Morales Has Clear Advantage in Bolivia

(Angus Reid Global Monitor) – Evo Morales could earn a new term in office in Bolivia, according to a poll by Equipos MORI published in Poder y Placer. 43 per cent of respondents would support Morales in December’s presidential election.

(Angus Reid Global Monitor) – Evo Morales could earn a new term in office in Bolivia, according to a poll by Equipos MORI published in Poder y Placer. 43 per cent of respondents would support Morales in December’s presidential election.

Former vice-president and indigenous activist Víctor Hugo Cárdenas is a distant second with 11 per cent, followed by former Cochabamba mayor Manfred Reyes Villa of the New Republican Force (NFR) with 10 per cent, Samuel Doria Medina of the National Unity Front (FUN) with nine per cent, and Potosí mayor René Joaquino of Wide Front (FA) with four per cent.

Morales—an indigenous leader and former coca-leaf farmer—won the December 2005 presidential election as the candidate for the Movement to Socialism (MAS), with 53.7 per cent of the vote. He officially took over as Bolivia’s head of state in January 2006.

Morales’s tenure has been focused on "re-founding" Bolivia through a new constitution. In November 2007, a draft constitution was approved with the support of all pro-government National Constituent Assembly members. Opposition parties boycotted the vote.

Last year, the departments of Santa Cruz, Beni, Pando and Tarija—all led by politicians opposed to Morales—held votes in an effort to increase their autonomy within Bolivia, directly defying articles in the new constitution. In response to the non-binding referendums, Morales enacted a law that scheduled a recall vote on himself, Bolivian vice-president Álvaro García Linera, and the country’s nine governors or "departmental prefects" in August. The president and vice-president were ratified with more than 60 per cent of the vote.

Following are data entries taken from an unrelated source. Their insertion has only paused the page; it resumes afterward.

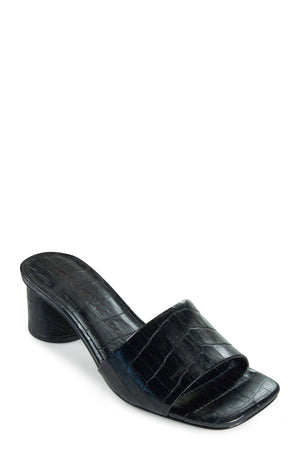 Arbor Black Croc Stamp Leather Heel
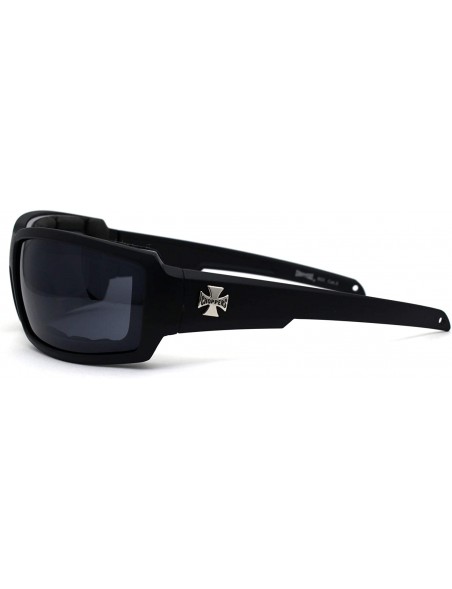 Rectangular Mens Windbreaker Foam Padded Goggle Style Warp Sunglasses - Matte Black - C4195E5R4K2 $12.26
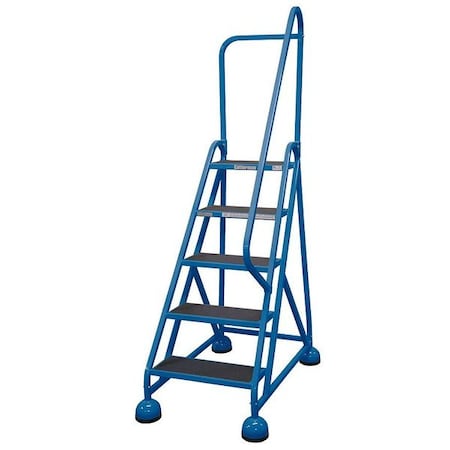75 in H Steel Rolling Ladder, 5 Steps, 450 lb Load Capacity MPN:ST-503 A2 C21 P5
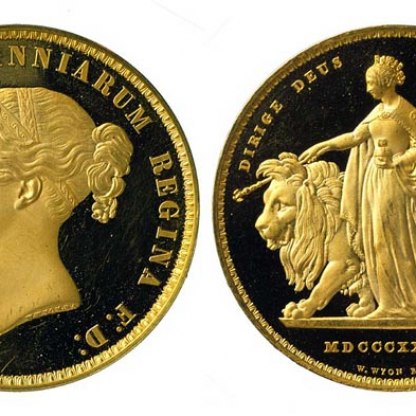 An image chosen to represent £5 Coin of Queen Victoria, England, 1839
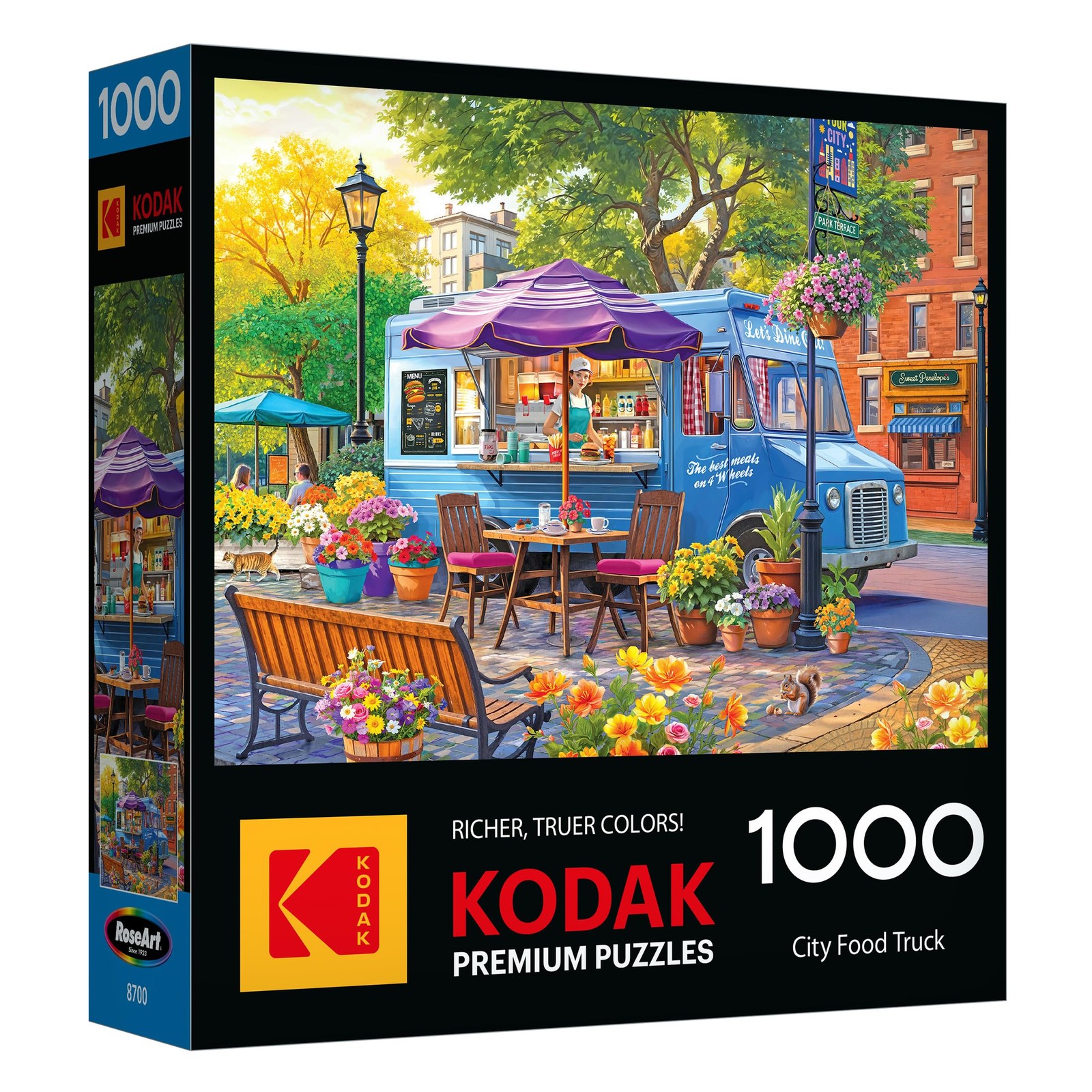 Jigsaw Puzzle 1000 Piece City Food Truck Vibrant Restaurant Scene RoseArt Kodak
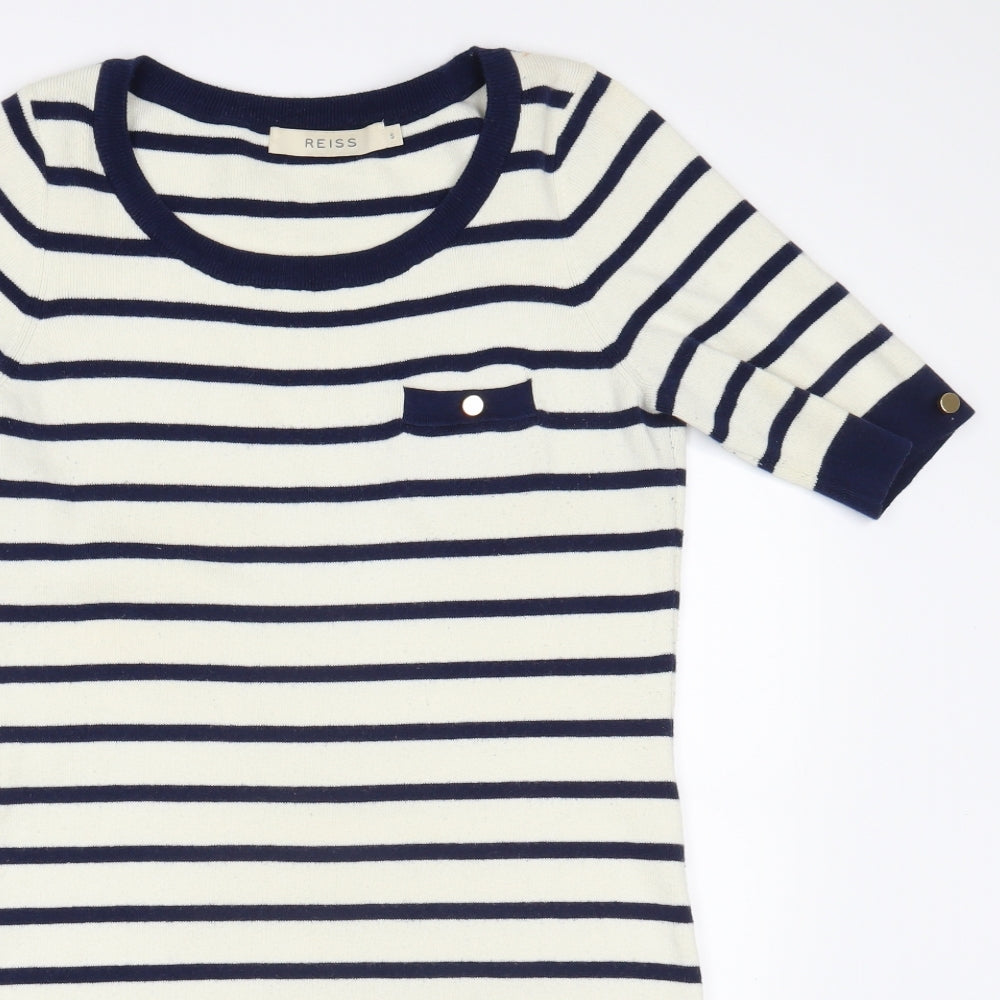 Reiss Womens Ivory Striped  Pullover Jumper Size S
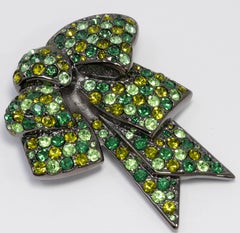Nolan Miller Bow Pin Brooch Pave Peridot Olivine Emerald Crystal, Gray Gunmetal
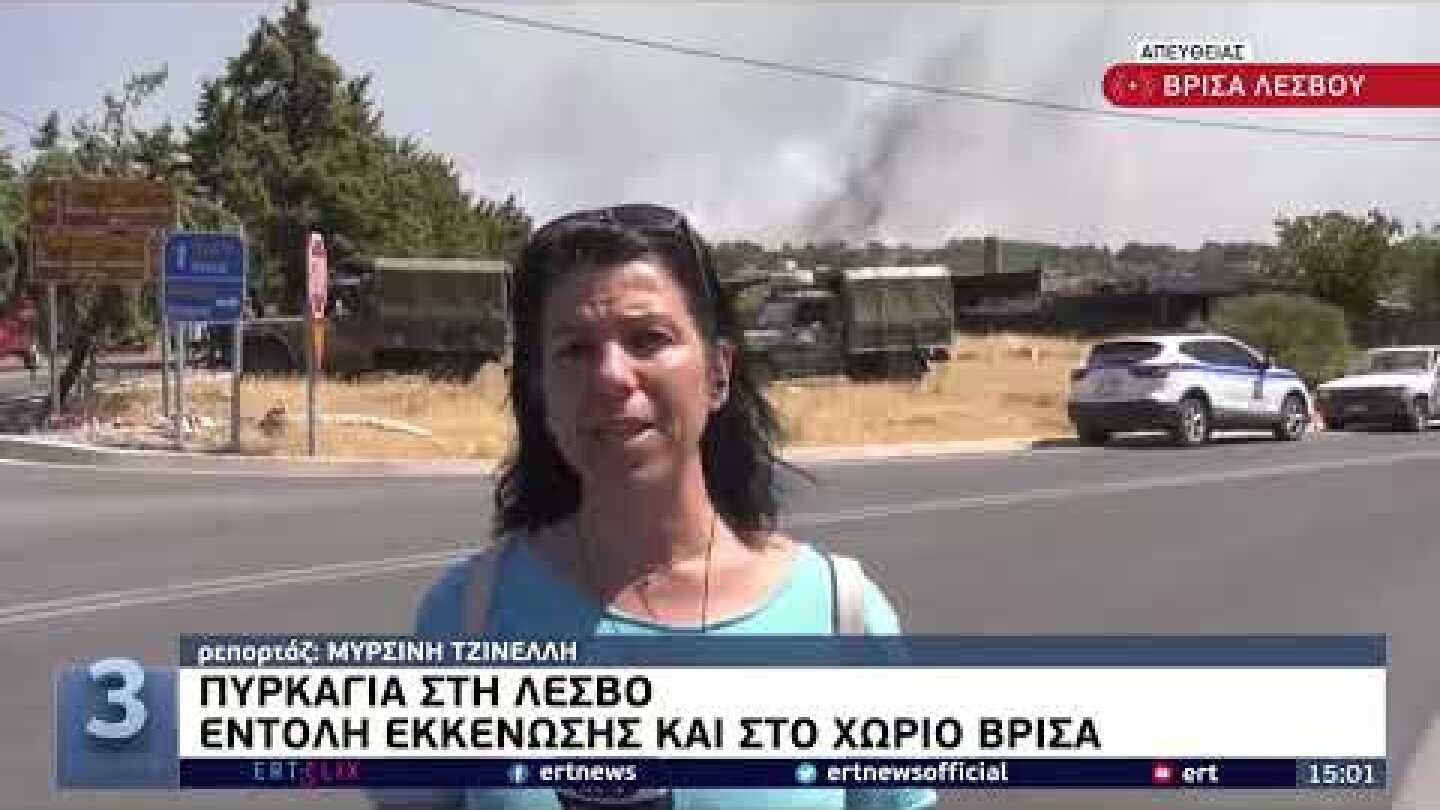 Πυρκαγιά στη Λέσβο - Εντολή εκκένωσης καισ το χωριό Βρίσα | 24/07/2022 | ΕΡΤ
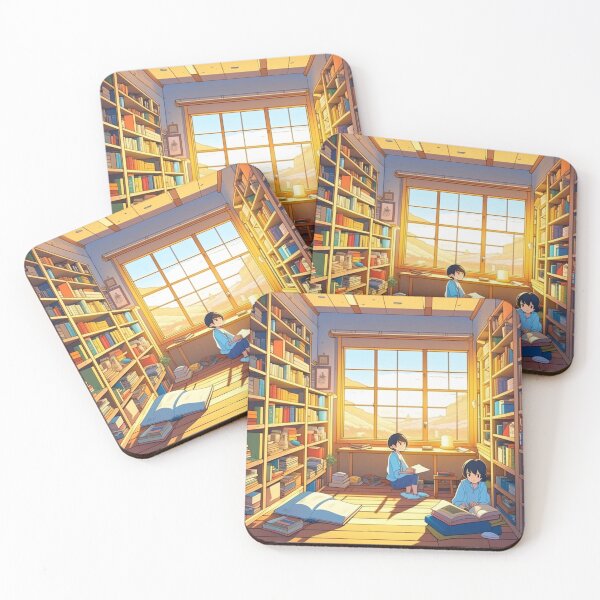 Item preview, Bright room with kids reading books Anime Style designed and sold by All Year Round.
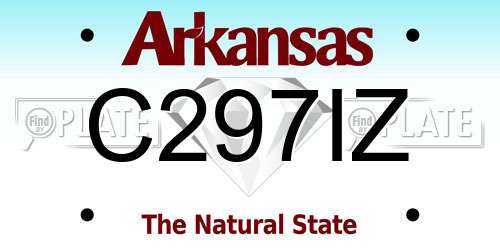 C297IZ Arkansas License Plate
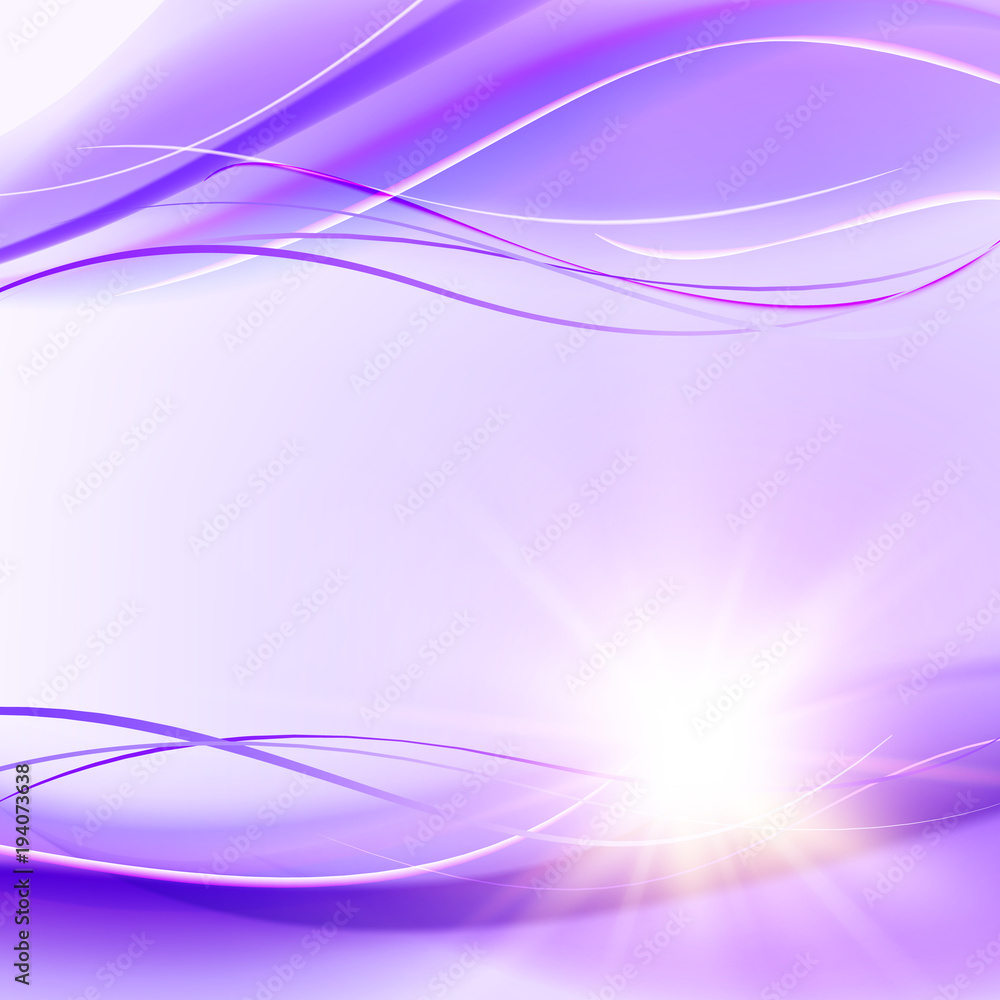 Poster futuristic background. abstract smooth violet lines over purple background for your design. backgrou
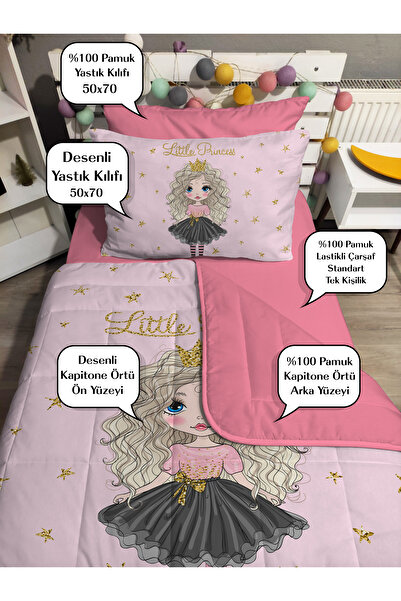 yok yok evim eve dair her şey Quilted Pink Pirencess 4-Piece (100% Cotton 100X200 with Elastic Sheets) Single Bedspread Set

In January, Bolivia’s new constitution was ratified with 61 per cent of the vote in a nationwide referendum. The revamped version included a bill of rights and an entire chapter dedicated to Bolivia’s 36 indigenous nations. It also put the economy in the hands of the state, limited landholdings, redistributed revenues from gas fields in the eastern lowlands to the country’s poorer areas, and included a compromise that will allow the current president to seek only one additional five-year term. Under the terms of the new body of law, a general election was scheduled for Dec. 6.

On Aug. 19, Reyes Villa announced an alliance with Progress for Bolivian (PPB) leader José Luis Paredes. On that same day, Cárdenas said a unified opposition candidate remains a possibility, adding, "We agreed with Manfred that it is not wise to provide information until the negotiations are finished."

Polling Data

Who would you vote for in the presidential election?

Evo Morales

43%

Víctor Hugo Cárdenas

11%

Manfred Reyes Villa

10%

Samuel Doria Medina

9%

René Joaquino

4%

Source: Equipos MORI / Poder y Placer
Methodology: Interviews with 2,100 Bolivian adults in Cochabamba, El Alto, La Paz, Santa Cruz, and Tarija, conducted in July 2009. Margin of error is 3.1 per cent.